Illustrates the usage of torchtext on a dataset that is not built-in. We will preprocess a dataset that can be further utilized to train a sequeence to sequence model for machine translation without using legacy version of torchtext.

The notebook will cover:
- read a dataset
- Tokenize sentence
- apply transformation to sentence
- perform bucketing batching

Link: https://pytorch.org/tutorials/beginner/torchtext_custom_dataset_tutorial.html

In [3]:
import torchdata.datapipes as dp
import torchtext.transforms as T
import spacy
from torchtext.vocab import build_vocab_from_iterator

In [4]:
eng = spacy.load("en_core_web_sm")
de = spacy.load("de_core_news_sm")

Load the dataset

In [17]:
FILE_PATH = 'deu.txt'
data_pip = dp.iter.IterableWrapper([FILE_PATH])
data_pip = dp.iter.FileOpener(data_pip, mode='rb')
data_pip = data_pip.parse_csv(skip_lines=0, delimiter='\t', as_tuple=True)

In the above code block, we are doing following things:
1. We are creating an iterable of filenames
2. We pass the iterable to fileopener which then opens the files in read mode
3. We call a function to parse the file, which again returns an iterable of tuples representing each rows of the tab delimited file

We can verify if the iterable has the pair of sentences as shown below

In [18]:
for sample in data_pip:
    print(sample)
    break

('Go.', 'Geh.', 'CC-BY 2.0 (France) Attribution: tatoeba.org #2877272 (CM) & #8597805 (Roujin)')

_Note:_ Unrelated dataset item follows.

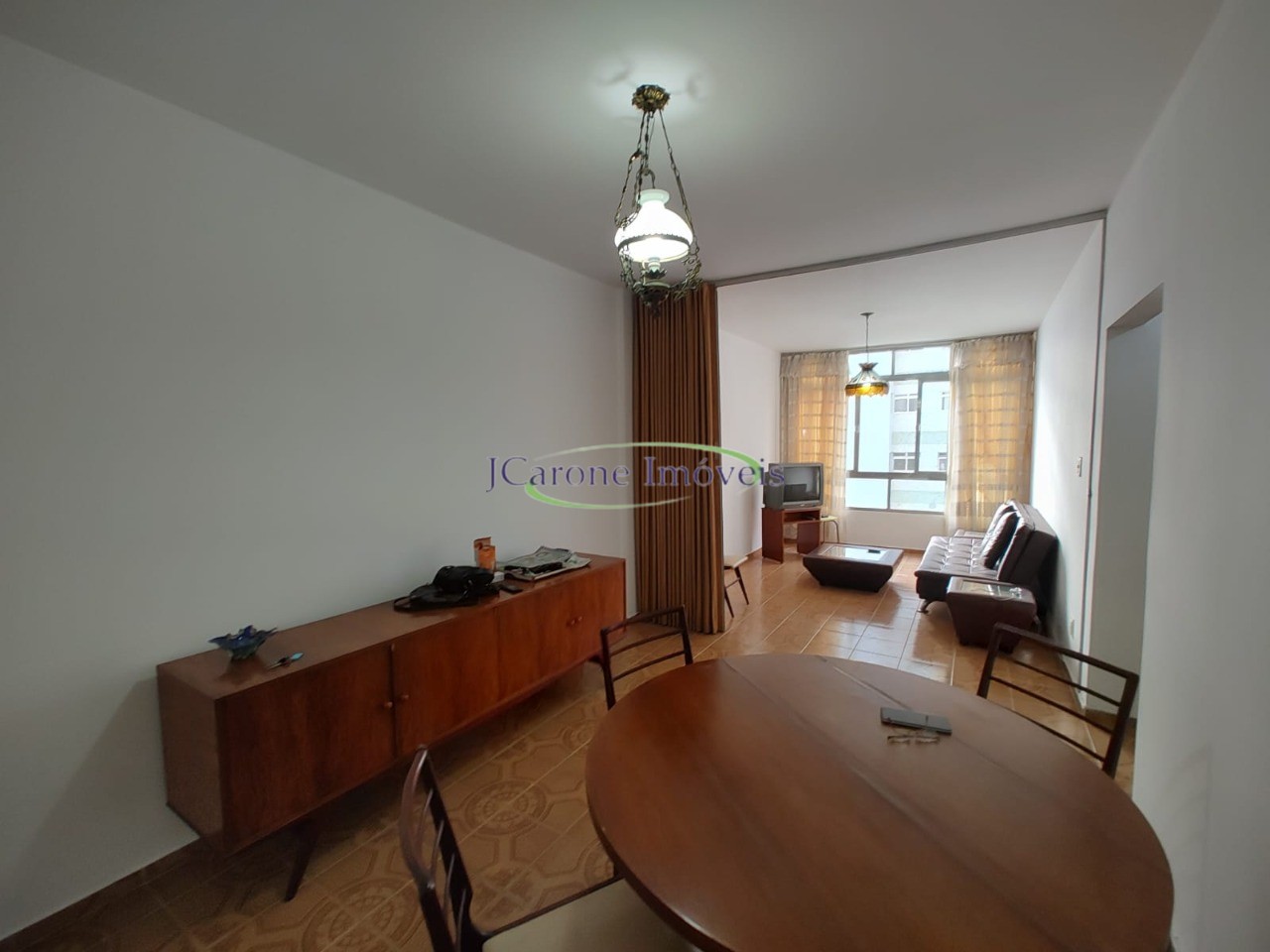 Apartamento, 1 quarto, 70 m² - Foto 3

note that we also have attribution details along with pairs of sentences. We will write a small function to remove the attribution details

In [19]:
def removeAttribution(row):
    """Function to keep the first element in a tumple"""
    return row[:2]

In [20]:
data_pip = data_pip.map(removeAttribution)

verify the data_pipe only contains pair of sentences

In [21]:
for sample in data_pip:
    print(sample)
    break

('Go.', 'Geh.')


Next we need to define a few function to perform tokenization:

In [22]:
def engTokenize(text):
    """Tokenize an english text and return a list of tokens"""
    return [token.text for token in eng.tokenizer(text)]

def deTokenize(text):
    """Tokenize a german text and return a list of tokens"""
    return [token.text for token in de.tokenizer(text)]

Test out the functions above to confirm they work

In [23]:
print(engTokenize("have a good date!!!"))

['have', 'a', 'good', 'date', '!', '!', '!']


In [24]:
print(deTokenize("haben sie einen guten tag!!!"))

['haben', 'sie', 'einen', 'guten', 'tag', '!', '!', '!']